为了考察新型海洋平台用E690钢在海水环境中的耐蚀性能, 采用动电位极化曲线、电偶电流测量以及扫描电镜和拉曼光谱分析法研究了其在溶氧量为0.3-8 mg/L之间的3.5%NaCl溶液中的氧浓差腐蚀行为, 并讨论了溶氧量差值、阴阳极面积比以及锈层等因素对E690钢氧浓差腐蚀的影响。结果表明: 当阴阳极面积比Sc/a≤4时, 阴阳极面积比是影响氧浓差腐蚀的主要因素, 当Sc/a>4, 阴极区溶氧量是影响氧浓差腐蚀的主要因素; 锈层氧浓差腐蚀的影响与所处的环境有关, 处于贫氧条件下时, 对锈层下的金属有保护作用, 而处于富氧氧条件下, 锈层会参与阴极反应, 加速金属腐蚀, 并且由于锈层的不均匀性, 还会造成阳极金属的不均匀腐蚀, 产生点蚀坑。

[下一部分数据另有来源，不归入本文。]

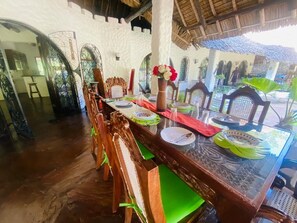 تناول الطعام بالخارج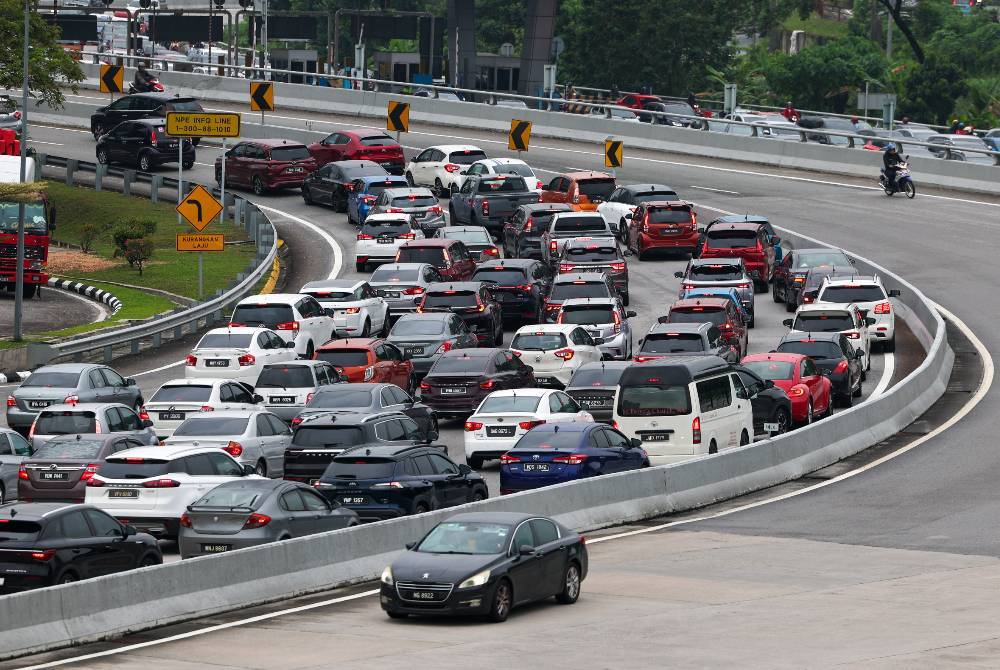 A spate of fatal road accidents involving motorcyclists in Selangor over the past few days has once again highlighted road safety concerns after crashes in Puncak Alam, Klang and Shah Alam claimed multiple lives. BERNAMA FILE PIX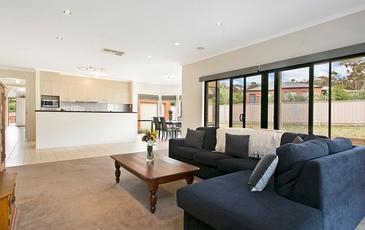 10 Yurunga Drive, Castlemaine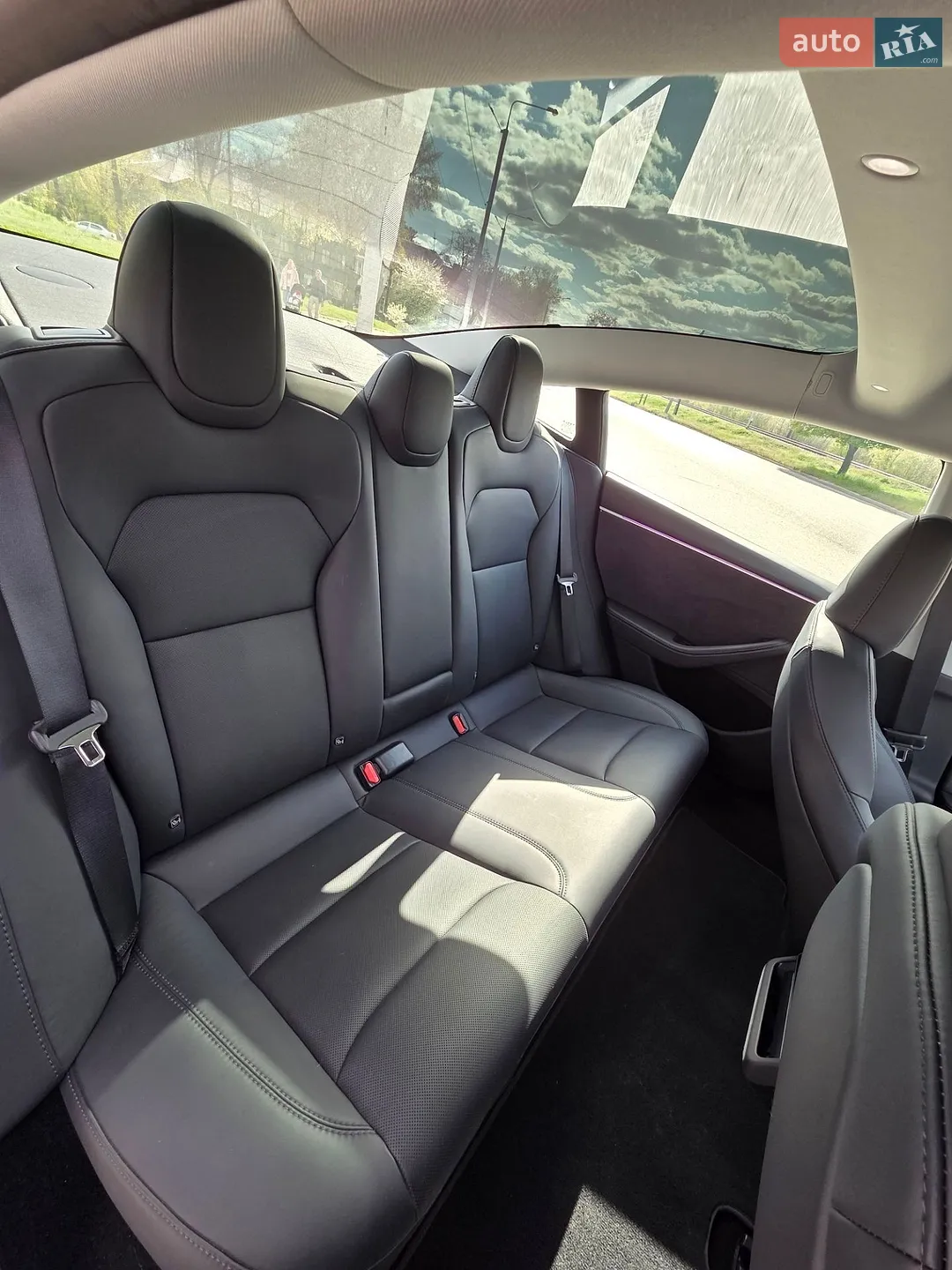 2024 Tesla Model 3 - мініатюра 10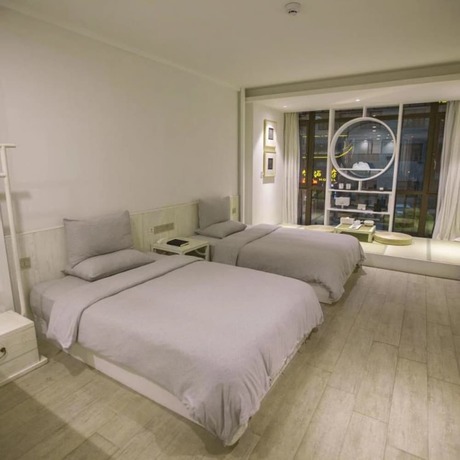 Imagen de la habitación del Hotel Floral Hotel Fenghuang Molan Riverview. Foto 19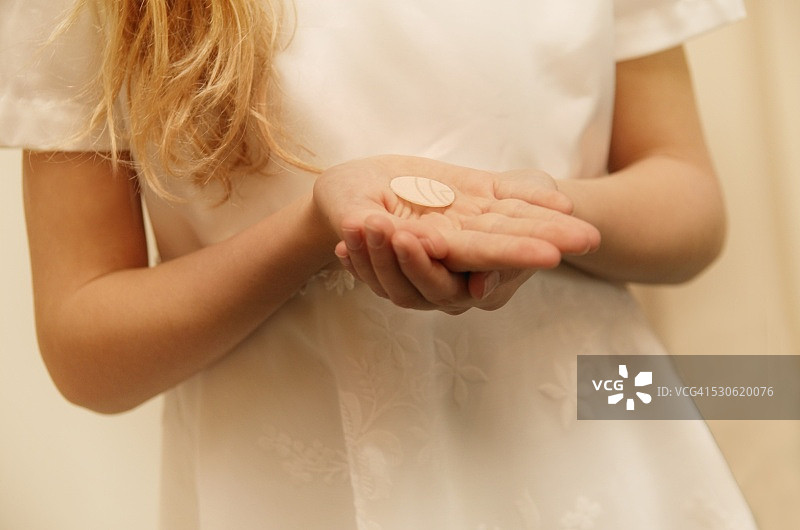 拿着圣餐薄饼的女孩图片素材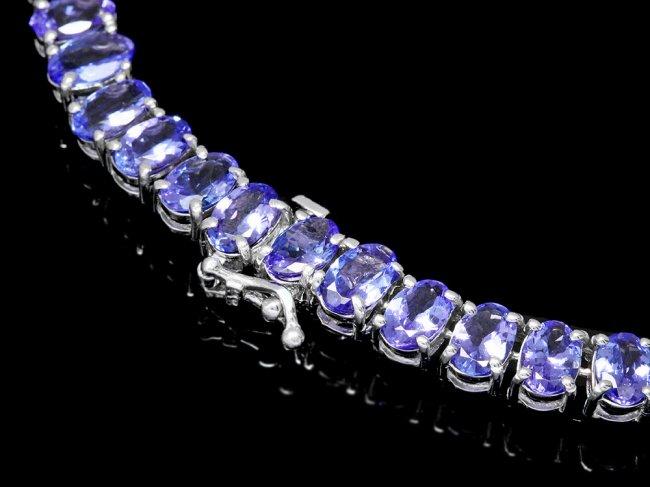 14k W Gold 29ct Tanzanite 1.35ct Diamond Necklace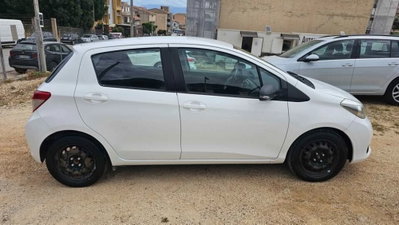 Toyota Yaris 1.D-4D 5 porte (10)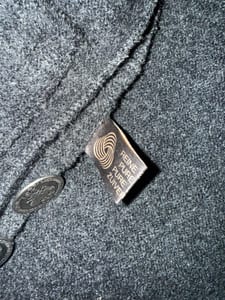 Damen Trachtenjacke aus Walkloden, dunkelgrau mit grünen Paspeln – Bild 8 von 8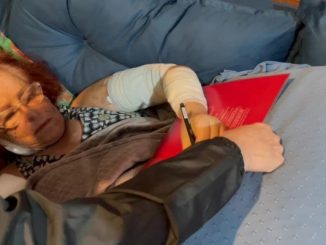 Escritora Roseana Murray dá primeiros autógrafos com a mão esquerda ao chegar em casa após alta hospitalar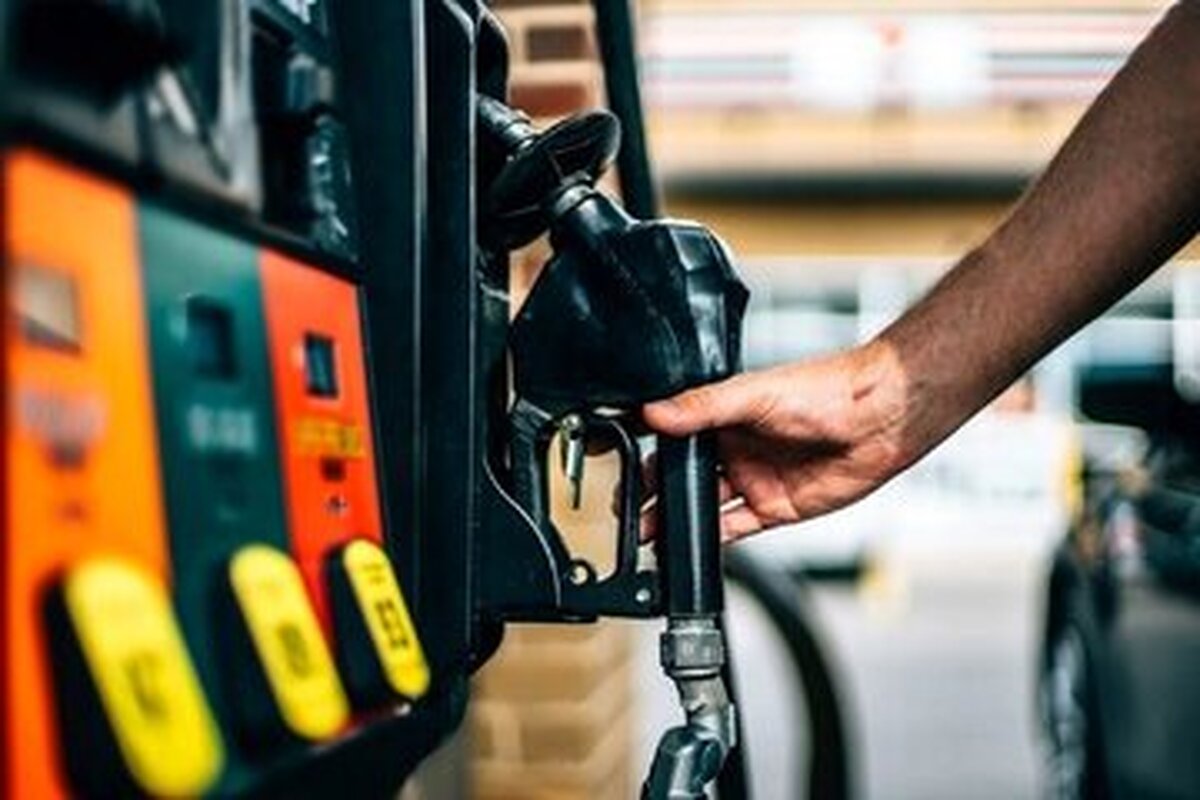 خبر مهم درباره سهمیه بنزین / دولت دلیل محدودیتهای احتمالی را اعلام کرد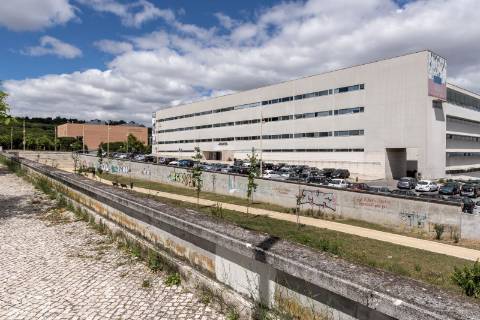 Terreno na Ajuda com 2000 m2, junto ao Polo Universitário da Ajuda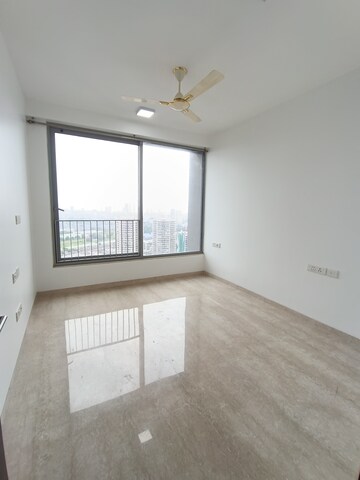 Room in 3 BHK Apartment at Oberoi Sky City, Borivali East – for Rent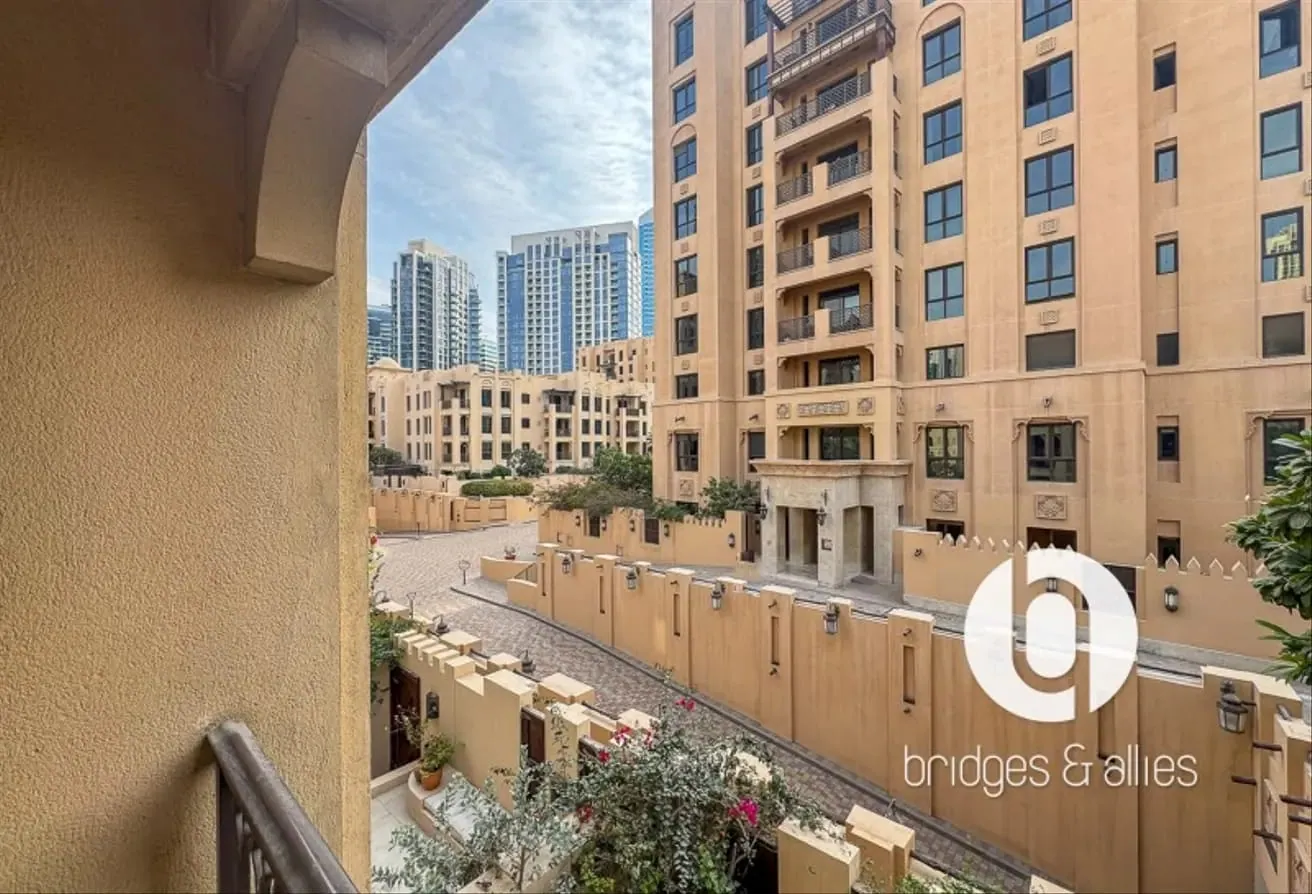 READY TO MOVE IN | WELL MAINTAINED | LARGE LAYOUT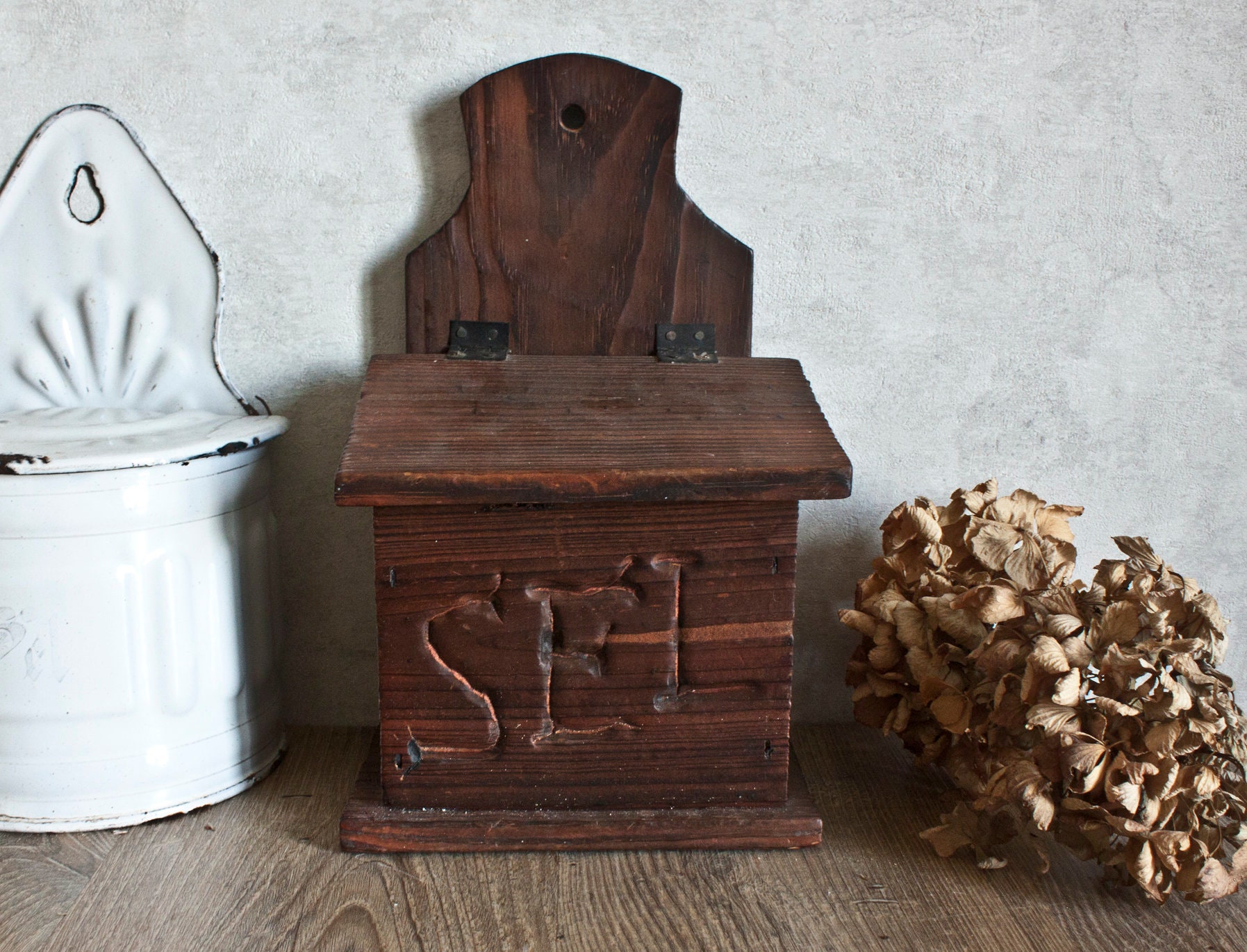 Boîte à Sel Artisanale Ancienne en Bois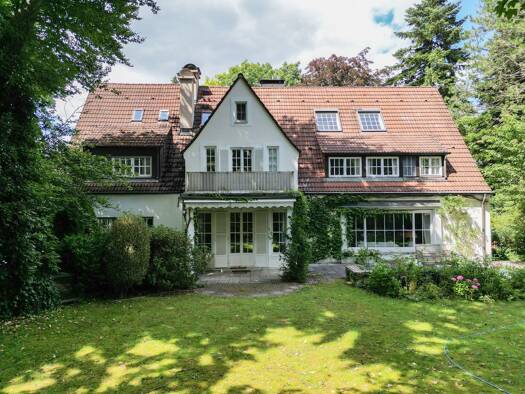 Villa zum Kauf 2.770.000 € 8 Zimmer 250 m² 660 m² Grundstück Thalk.Obersendl.-Forsten-Fürstenr.-Solln München 81479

关键词: 材料失效与保护 ; E690钢 ; 氧浓差电池 ; 阴阳极面积比 ; 锈层 ; Raman光谱

Abstract

In order to investigate the corrosion resistance of ocean platform steel E690 in sea water, the corrosion induced by oxygen-concentration cell of E690 steel in 3.5%NaCl with oxygen concentration within a range of 0.3 to 8 mg/L was investigated by means of electrochemical measurement techniques, scanning electron microscopy and Raman spectroscopy. The influence of the difference in dissolved oxygen, the ratio of cathode area to anode area and the corrosion product on the corrosion behavior of E690 steel was examined respectively. It was found that: when the ratio of cathode area to anode area was less than four (Sc/a≤4), the cathode and these ratios would be the main factor that influenced the oxygen-concentration cell corrosion; when Sc/a>4, the dissolved oxygen would be the main factor that influenced the oxygen-concentration cell corrosion; How the corrosion product influenced the oxygen-concentration cell corrosion depends on the dissloved oxygen. When the rusted metal under an oxygen-deficient condition, the rust layer would prevent the substrate from corrosion; when the rusted metal was immersed in an aerated condition, the corrosion product would participate in the cathodic reaction process, which would accelerate the anode dissolution and resulted in localized corrosion, such as pitting.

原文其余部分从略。